Phyllodes tumor is an exceedingly rare lesion with an estimated incidence of 2.1 per million women. Presentation typically occurs between the ages of 45 and 49, typically about 15 years later in age compared to fibroadenomas [52]. The presentation of a phyllodes tumor is clinically indistinguishable from that of a fibroadenoma [53]. Phyllodes tumor is felt to arise from the perilobular-periductal stroma. Microscopically, a circumscribed lesion with mixed epithelial and mesenchymal components is seen with a double-layered epithelial component and overgrowth of a hypercellular stromal component. FNA and CNB typically cannot discriminate between fibroadenoma and phyllodes tumor; however, the diagnosis may be suggested [54, 55]. Several systems for grading of phyllodes tumors exist, and while many authors use a three-tiered system to distinguish between benign, borderline, and malignant cases, others omit the intermediate category [56, 57].

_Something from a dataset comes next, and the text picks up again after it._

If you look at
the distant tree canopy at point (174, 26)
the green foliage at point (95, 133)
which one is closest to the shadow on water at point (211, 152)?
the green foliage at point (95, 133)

A benign phyllodes tumor is characterized as having few mitoses in a high-power field (HPF), <2 per 10 HPF; no more than mild atypia, and no stromal overgrowth. Borderline phyllodes tumor has 2–5 mitoses per 10 HPF, more atypia with no stromal overgrowth. Malignant phyllodes tumor has marked atypia, more than 10 mitoses per HPF and stromal overgrowth (Fig. 5.8a, b). The grading system reflects the clinical behavior, with local recurrence and rare metastases noted in benign cases and distant metastases more common in malignant cases. When phyllodes tumor is diagnosed by CNB, the ability to differentiate benign, intermediate, and malignant lesions is unreliable [56]. Wide local excision with the intent of removing >1 cm margins is the preferred treatment of a phyllodes tumor (Fig. 5.9a, b). There is a relatively high incidence of local recurrence, reported from 8 to 46 % in cases of positive surgical margins [57]. Often, the diagnosis of phyllodes tumor is not made until excisional biopsy has been performed. When excising a fibroadenoma, removal of a rim of normal breast tissue around the lesion is acceptable, in case an upgrade in diagnosis to a phyllodes tumor does occur.